How do I know? Here's some vignettes from my own two years living on OU's East Green in the '70s (when many students' parents, professors and employers were attending college):

• Theft was rampant in the dorms, with students stealing from one another but mainly from the university itself. Around 1974 when the OU's enrollment had dropped precipitously and some dorms had been mothballed, including Washington Hall on the East Green, some of the more risk-prone male students in neighboring Read Hall found a way to break into Washington Hall. Late at night, donning black turtlenecks and watch caps and blackening their faces, they'd climb from Read's roof to Washington's roof, and then enter the latter through a window. A half hour later, they'd emerge with lamps, ashtrays, small tables and anything else that was small enough to carry.

Not that they needed any of this stuff; it was the pure thrill of adventure that motivated them.

• Practical jokes, some of them mean and dangerous, were common in the dorms. One dorm-mate who had a knack for chemistry manufactured a liquid that would produce minor explosions, similar to caps, upon contact. If you covered a doorknob with this contact explosive and let it dry, the next person who opened the door would be scared almost literally piss-less by the small, crackling explosion. At some point, the novelty wore off, and my dorm-mate tossed his remaining contact explosive out the window of Read Hall. A few days later, while some other dormies and I were sitting around in the dorm one afternoon, we suddenly heard the crackle-pop of small explosions down in the grass below the room. A maintenance guy stood motionless behind his shut-off lawnmower, staring down at the grass in abject terror.

• Pot-smoking was common in the dorms, and regulation was relaxed by today's standards. Sometimes students smoked weed with their room doors wide open. A few students even set up pup tents in their rooms, crawled inside, zipped them up, and proceeded to spend the afternoon in a cloud of cannabis. Others would use surplus military gas masks to inhale the stuff.

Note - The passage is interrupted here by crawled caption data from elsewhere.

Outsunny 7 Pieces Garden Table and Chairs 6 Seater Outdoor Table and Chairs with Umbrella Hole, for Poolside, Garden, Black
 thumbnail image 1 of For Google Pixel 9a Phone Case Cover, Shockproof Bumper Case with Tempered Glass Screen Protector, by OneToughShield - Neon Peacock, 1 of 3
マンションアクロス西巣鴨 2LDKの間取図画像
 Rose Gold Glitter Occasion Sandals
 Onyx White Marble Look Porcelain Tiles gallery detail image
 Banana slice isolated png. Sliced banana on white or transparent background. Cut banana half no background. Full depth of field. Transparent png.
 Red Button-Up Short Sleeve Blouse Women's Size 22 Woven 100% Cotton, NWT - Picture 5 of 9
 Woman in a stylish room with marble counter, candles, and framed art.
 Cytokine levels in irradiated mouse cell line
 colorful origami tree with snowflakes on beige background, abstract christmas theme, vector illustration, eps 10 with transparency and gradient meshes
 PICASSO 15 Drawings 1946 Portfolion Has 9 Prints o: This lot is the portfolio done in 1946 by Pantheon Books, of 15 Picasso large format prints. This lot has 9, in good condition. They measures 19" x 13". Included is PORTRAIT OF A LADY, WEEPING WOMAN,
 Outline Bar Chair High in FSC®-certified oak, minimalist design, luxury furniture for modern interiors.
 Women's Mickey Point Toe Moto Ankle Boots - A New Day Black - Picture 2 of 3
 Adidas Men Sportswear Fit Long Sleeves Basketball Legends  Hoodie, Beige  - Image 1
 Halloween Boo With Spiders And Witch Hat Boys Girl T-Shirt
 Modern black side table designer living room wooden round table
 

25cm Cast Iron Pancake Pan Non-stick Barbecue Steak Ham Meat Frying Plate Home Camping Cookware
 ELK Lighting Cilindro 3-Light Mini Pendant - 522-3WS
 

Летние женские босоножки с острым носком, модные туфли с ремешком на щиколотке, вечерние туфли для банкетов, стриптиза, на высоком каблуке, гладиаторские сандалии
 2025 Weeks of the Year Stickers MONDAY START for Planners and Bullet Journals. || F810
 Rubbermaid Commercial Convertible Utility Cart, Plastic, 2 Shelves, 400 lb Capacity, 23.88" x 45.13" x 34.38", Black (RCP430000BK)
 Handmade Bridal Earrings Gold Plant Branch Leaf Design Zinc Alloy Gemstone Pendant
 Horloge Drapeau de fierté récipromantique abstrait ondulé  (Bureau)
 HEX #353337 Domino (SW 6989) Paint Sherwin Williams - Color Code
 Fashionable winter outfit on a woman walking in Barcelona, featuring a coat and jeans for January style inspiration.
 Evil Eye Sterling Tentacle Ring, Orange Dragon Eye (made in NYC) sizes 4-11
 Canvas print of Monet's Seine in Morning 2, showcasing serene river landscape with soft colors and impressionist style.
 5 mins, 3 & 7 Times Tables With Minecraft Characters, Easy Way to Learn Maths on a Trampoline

This was during a time when OU had no selective admissions, and did not enjoy a pristine academic reputation. If you were breathing, you could get admitted, even if you were coughing a lot and had persistent red-eye.

• Vandalism was common in the dorms. One Gamertsfelder Hall dorm-mate, upon returning from the uptown bars after last call, would slap and break every overhead light bulb in the stairwell as he ascended to his fourth-floor room. His friends quickly learned to enter the other side of the dorm, just so they wouldn't have to watch him break light bulbs.

• Many residents of all-male Read Hall would spend altogether too much time spying on their female counterparts in Jefferson Hall, across the courtyard, with binoculars. The gals – with some notable exceptions – quickly learned to close their curtains.

• Spring of my sophomore year some friends from Gam Hall went into the Nelson Commons dining hall kitchen, and claimed a keg of beer that someone else was storing in Nelson's walk-in refrigerator. (This is when most underclassmen could legally drink "low beer," and keg mixers weren't uncommon on the residential greens.) For some reason, my friends didn't have to provide identification. For the next 12 hours, they hosted a wild party in their room on Gamertsfelder's fourth floor, and after the last drop had been consumed, simply pushed the empty keg clanging and banging down the stairs.

MOST OF THESE INCIDENTS (but not all) would not have occurred if OU had had security cameras in common areas of the dorms during that period. On the other hand, if security cameras had been in use, I never would have collected all of these stories, or had an excuse to relate them to you in this profoundly pointless column.

I did start the column with a point, but misplaced it fairly early.